May be a little, not much ;-)

Seriously, you have brought out good (if not excellent) points. I myself am
rooting for a standard lightweight XML Infrastructure which can do stuff (I
know not an engineering term ;-0) Instead of automating business process by
business process we should have an XML dial-tone which can adopt and adapt.

I do disagree on your views on global standards. Yep, they take longer (and
I actually would prefer a time boxed approach where the first version will
be out within six months of starting a standards group), but the buy-in,
shared vision, due-diligence and knowledge make up for the delay. There is a
thin line between a group developing a standard very quickly and a standards
body taking a little more time.

And yes, a bunch of folks from different organizations can develop an ebXML
engine which will stand the tests of time. One idea is to develop an ebXML
engine under the Apache Organization which has and will have some of the
bright minds.


-----Original Message-----
From: Todd Boyle [mailto:tboyle@rosehill.net]
Sent: Saturday, April 07, 2001 2:50 PM
To: AlanKotok@cs.com; ebxml-awareness@lists.ebxml.org

Alan said,

> You have identified a key problem.  The public affairs challenge
> we face is to break through the enertia and skepticism.  The
> succession of public POCs since December has chipped away at some
> of the skepticism.  But to break through the enertia takes
> something that makes the kids say 'Cool' or us boomers say 'Groovy'.
> For what its worth, my suggestion to break through the enertia is to get
> end-users on board with ebXML.  So far those identified with
> ebXML have been mainly vendors, consultants, and standards junkies.

Here look at this.

My mailbox is stuffed with things like this every single day.
Whole magazines full of this stuff.
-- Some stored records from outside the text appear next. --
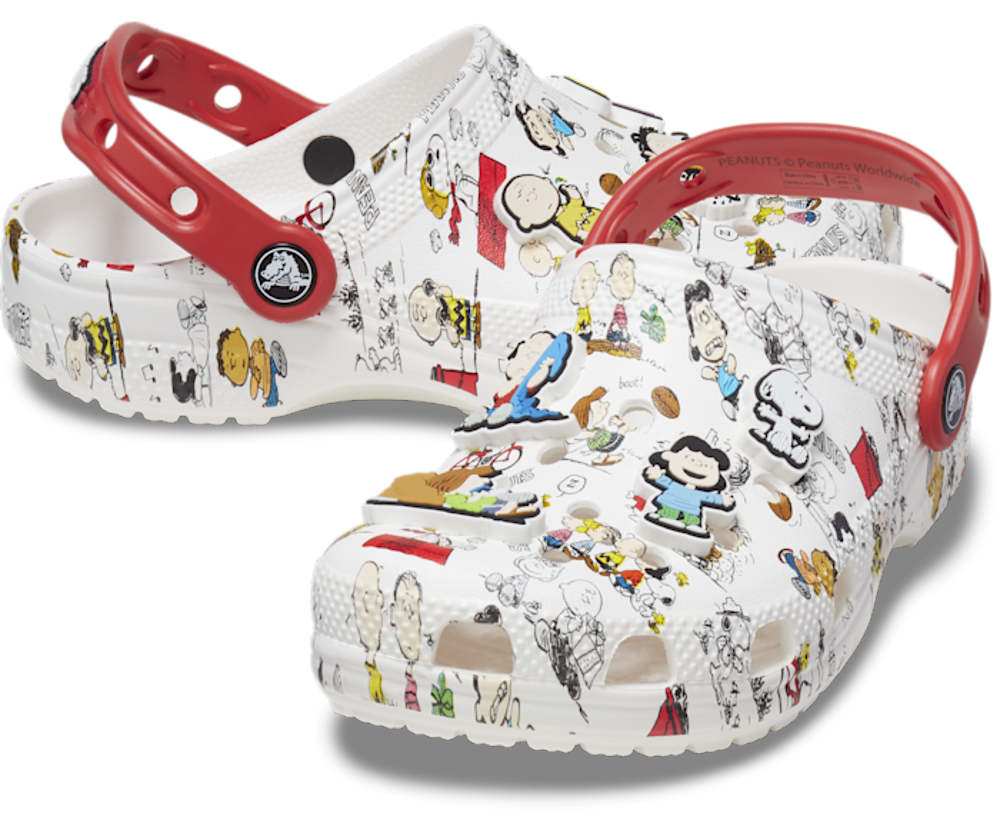 Kids' Peanuts Classic Clog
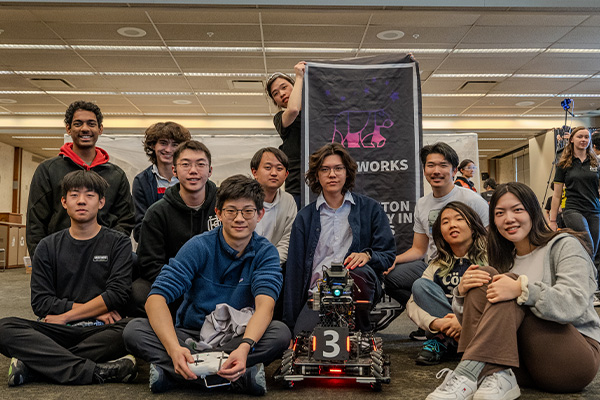 Ursaworks Robotics Club succeeds at competition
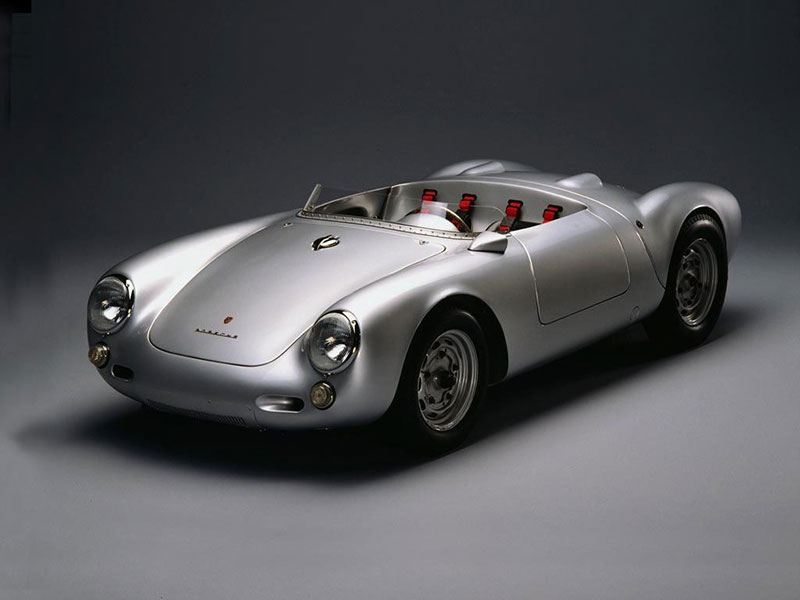 PORSCHE 550 SPYDER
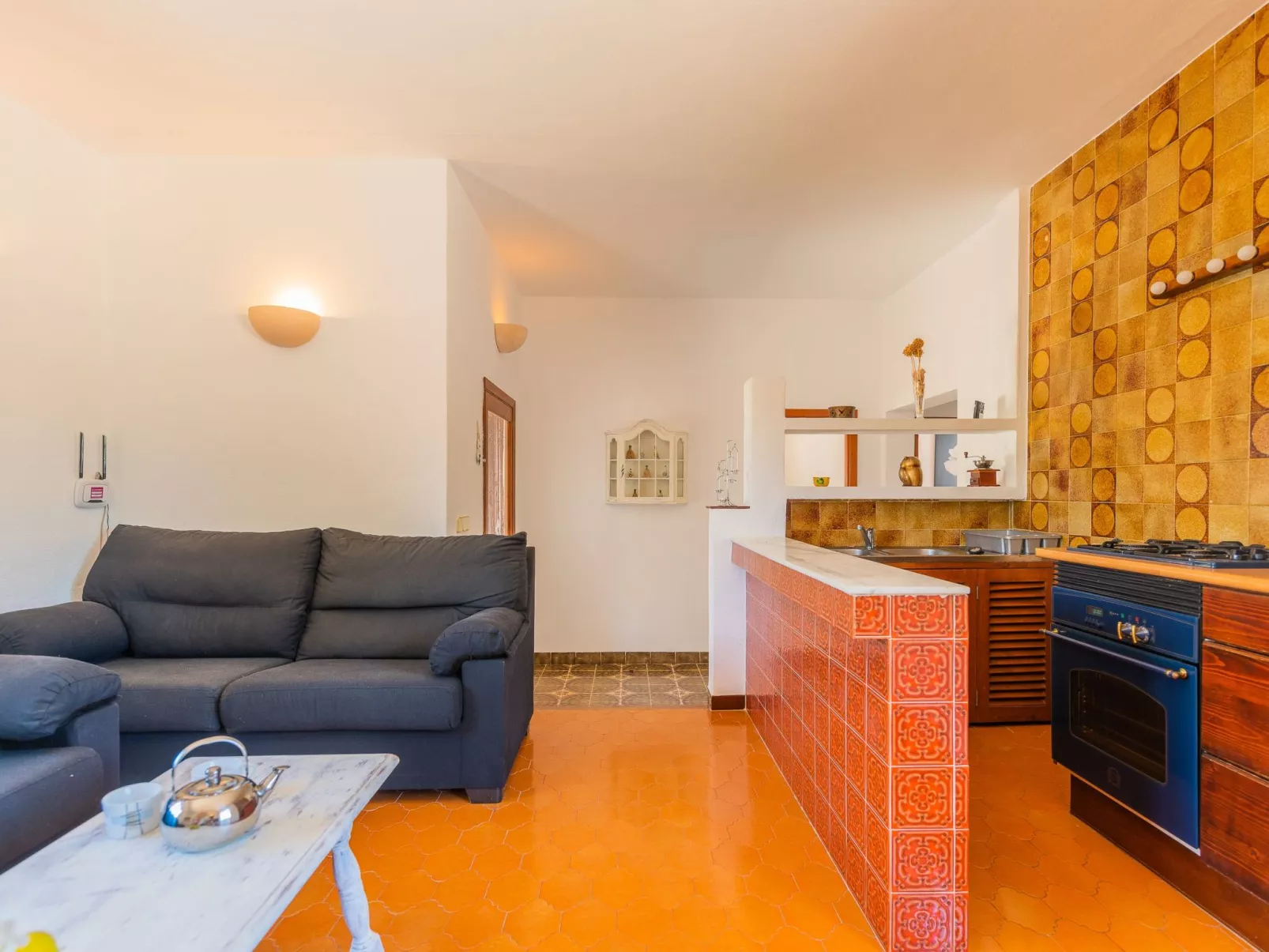 Villa S'Aguila, Es Cap Des Moro, Santanyí, 4 pax - Binnen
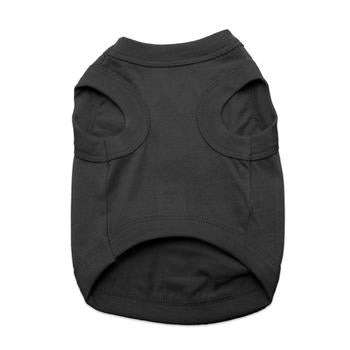 Cotton Dog Tank - Jet Black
The mags include these
http://www.advisor.com , http://www.xmlmag.com/
http://msdn.microsoft.com/msdnmag/default.asp , www.entmag.com/ ,

Their stuff works.  Because they have 1,000 people working on it
50 hours a week.  That takes money.  Why do they spend so much
money?  Because they will own the category, just like they own
the desktop and the wordprocessor and spreadsheet.  Show me any
product that remotely competes with Biztalk server for $1000.

If the rest of the industry (Sun, IBM, et al) want ebXML to happen,
they should get together, and hire everybody who built ebXML, and
call it a joint venture.  Hire a bunch of credible, experienced
people to do nothing but explain what ebXML 2.0 is doing, and
hire a bunch more people to test it, etc.  Whoever you can't hire,
you can almost certainly borrow for 3 months.

I honestly think that if you put all these people into an office
building someplace for about 90 days, you would have something
usable because unlike 18 months ago there is a shared vision.

You need a Manhattan project.  With some urgency.  Forget about the
UN/CEFACT process.  Leave it behind.  Honor EDI, and other legacy.
but uncouple ebXML dev. from the sponsoring organizations.  Take
it to them in weekly reports.  Give them 30 days to respond then
move forward.  If Europeans are so worried about fairness, then they
can buck up some money and send people to work on the project.

For their part, I think UN/CEFACT, DISA X.12, OAGIS, Bolero/Swift,
CommerceOne, and everybody else who is competing to build basic,
horizontal vocabularies should agree to sunset all of them, at a
point certain, 12 months from now, and commit to Core Components.

Jump off a cliff together like Robert Redford and Paul Newman.

Do the work, to reconcile the models.  They are not that incompatible.
They are just different.  And reconcilation is a lot of work.  In
other words, resolving the models is just a matter of money.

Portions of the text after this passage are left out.